First Myanmar Labour Organisations Conference

On 30 April 2013, the first Labour Organisations Conference was held in Myanmar organised by the International Labour Organisation (ILO) and the German NGO Friedrich Ebert Stiftung.

Summarising the event, the ILO reports:
One year after Myanmar passed its Labour Organization Law, delegates from some 500 labour organizations gathered in an unprecedented conference to hone their skills in labour organization, collective bargaining and occupational health and safety, among other areas of crucial importance to the country's workers... The ILO has established the Freedom of Association project to help in the implementation of the Labour Organization Law.
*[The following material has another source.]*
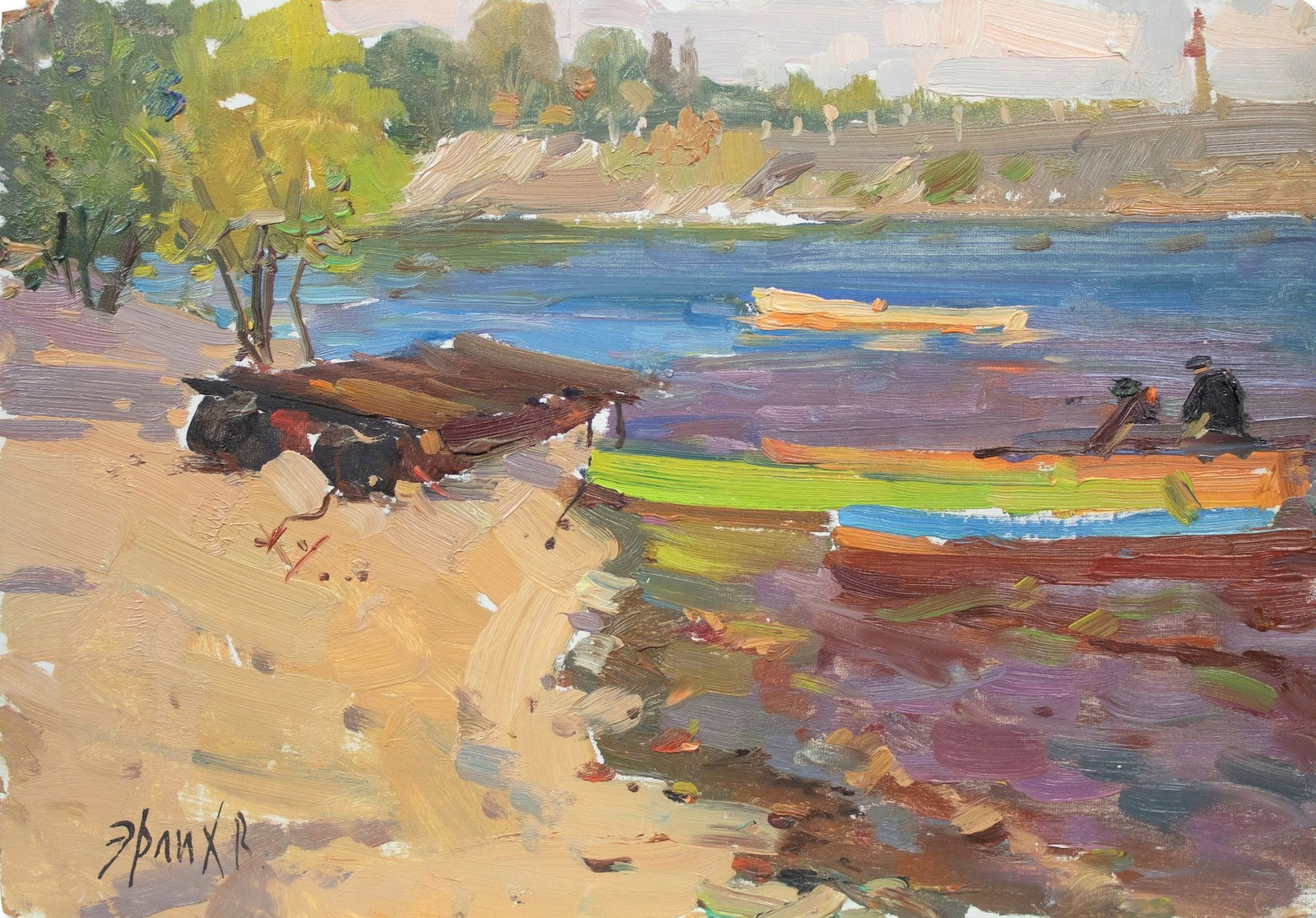 Erlih Volodymyr (Ukrainian artist), "Dnieper river. Bay", oil on cardboard: Title: Erlih Volodymyr (Ukrainian artist), "Dnieper river. Bay", oil on cardboard Artist: Erlih Volodymyr Isaakovich Description: ARTIST: Erlih Volodymyr Isaakovich, Ukrainian artist TITLE: "Dnieper r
The project is funded by the US State Department and provides education and training to workers, businesses and government officials.
More interestingly was a controversy that developed when some Myanmar unions suggested that certain groups and individuals had been planted at the conference in order to skew the vote for Myanmar's delegate to the June 2013 ILO conference in Geneva.  The Myanmar Times reports:
The first day of the largest labour conference in Myanmar in more than 50 years was marred by conflict between participants over the selection of a delegate for an international meeting in Geneva... Some 88 Generation members and labour delegates said they doubted whether all of the participants were from registered labour organisations, suggesting some may have been planted to affect the outcome of the vote for a Myanmar delegate to send to the International Labour Conference in Geneva, Switzerland in June. “I have doubts about voting for a delegate to go to Geneva. How can we vote if we don’t even know the other people sitting here,” one labour delegate said at the meeting. Mr Ross Wilson, the chief technical adviser for the ILO Freedom of Association Program in Yangon, attempted to resolve the dispute after the lunch break. One representative from a Myanmar non-government organisation, who asked not to be named, said they believed some groups were trying to derail the conference. “I think this kind of conference has come early for Myanmar, at a time when people are not yet used to labour organisations. Some political groups can take advantage of the situation,” she said.
An RFA video of the event shows FTUB's U Maung Maung walk out in anger along with a group of his supporters in response to the dispute.  It appears that some groups and labour activists were suggesting that FTUB had brought in additional people in order to skew the vote to get U Maung Muang elected as the Myanmar representative for the coming ILO conference.  In the video U Maung Maung states that he will not attend the conference because it "has no rules".  However, RFA reports that U Maung Maung nonetheless came back to attend the following day.  The other labour delegates in the video state that FTUB "has no position in Myanmar."